For ranging or thickness detection, the pulse-echo type is more suitable. It is common to measure the time-of-flight (TOF) to determine the distance [15]. In this case, the TOF is the time that a transmitted pulse takes to reflect back to the receiver. We can calculate the distance in cases where the sound velocity is known. One of the conventional methods for determining the TOF is the threshold method [16]. This method is simple and fast. The TOF is determined when the received signal first exceeds a given threshold level. Curve-fitting is another method for TOF calculation [17]. It accurately estimates the shape factors of the echo envelope, as well as locates its onset. It is possible to assure reduced bias and uncertainty in critical TOF measurements. A more suitable TOF estimation technique is cross-correlation [18,19,20]. Here, the transmitted and received signals are cross-correlated. The time at which the correlation result reaches its maximum is an estimation of the TOF. In recent years, it has been used in absolute distance measurement in laser ranging [21,22]. Methods with similar theoretical bases are also used in ultrasonic ranging and thickness detection [23,24]. Cross-correlation methods are helpful for improving the accuracy and resolution to the phase level.

However, the reference signal is difficult to record due to the drawbacks associated with the conventional piezoelectric transducer [25]. For example, there is much noise in the initial pulse when the transducer works in transmit–receive mode. It is not suitable to be the reference signal to calculate the TOF. Compared to piezoelectric transducer, a laser beam can be a good sensor to receive ultrasound with no interference from the sound field, which is based on the acousto-optic effect. Acousto-optics has been widely used to make tunable optical filters, modulators, and Q-switches [26,27,28,29,30]. Research focused on quantitative analyses for ultrasound that uses acousto-optic diffraction began with Raman and Nath [31] in 1936. Klein and Cook [32] proposed the criterion for the Raman–Nath diffraction regime. Abeele [33] made analytical and numerical solutions for the extended Raman–Nath equations when the light was diffracted by ultrasonic pulses.

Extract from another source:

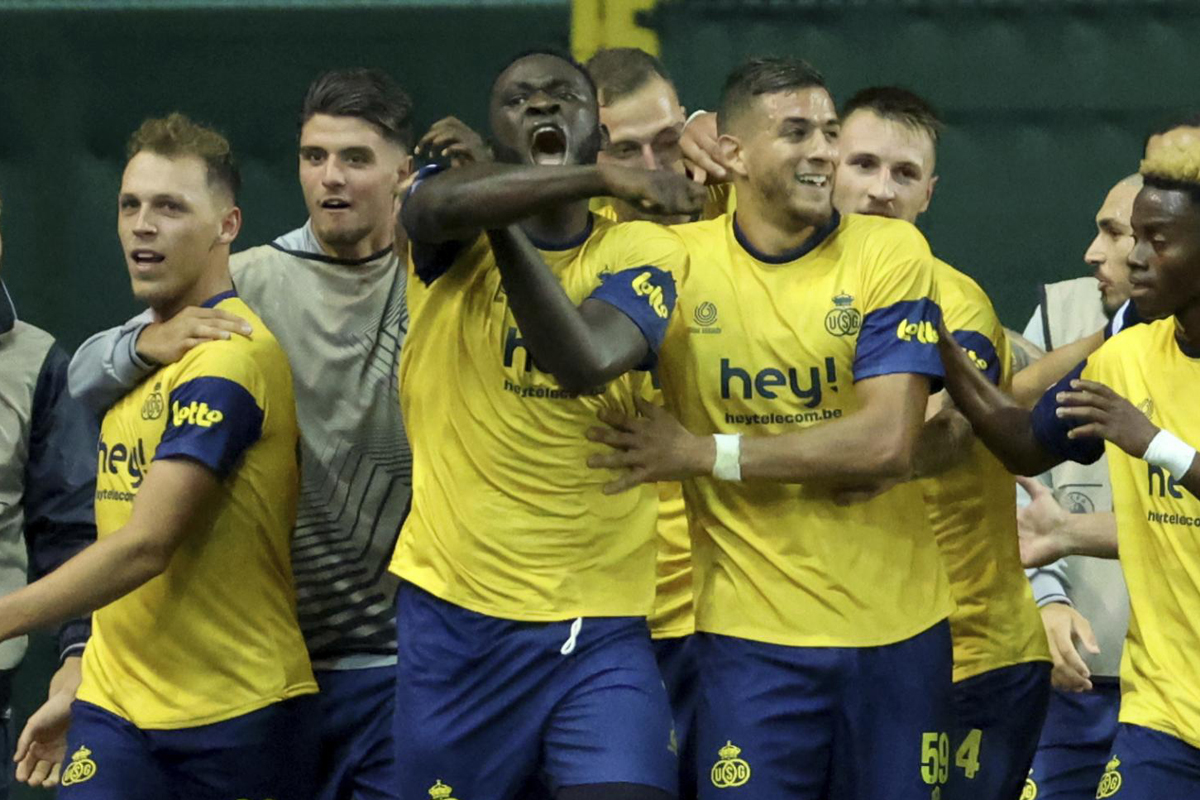 Chi è Victor Boniface, il nuovo Osimhen (con Giroud) nel Milan 2023/2024 Chi è Victor Boniface, il nuovo Osimhen (con Giroud) nel Milan 2023/2024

With the development of these theories, some optical detection methods have been proposed. The Schlieren method is one of the optical detection methods used for visualizing sound fields [34,35,36]. It offers high measurement speeds for visualizing entire acoustic fields in real time, without disturbing the ultrasound fields. In addition, light diffraction tomography makes it possible for the noncontact detection of the characterizations of ultrasound, such as sound pressure, phase, and ultrasonic power [37,38]. It is also suitable for air-coupled transducers [39]. However, all studies are aimed at characterization of ultrasound and sound field visualization. The acousto-optic effect would have great potential if used in ultrasonic ranging.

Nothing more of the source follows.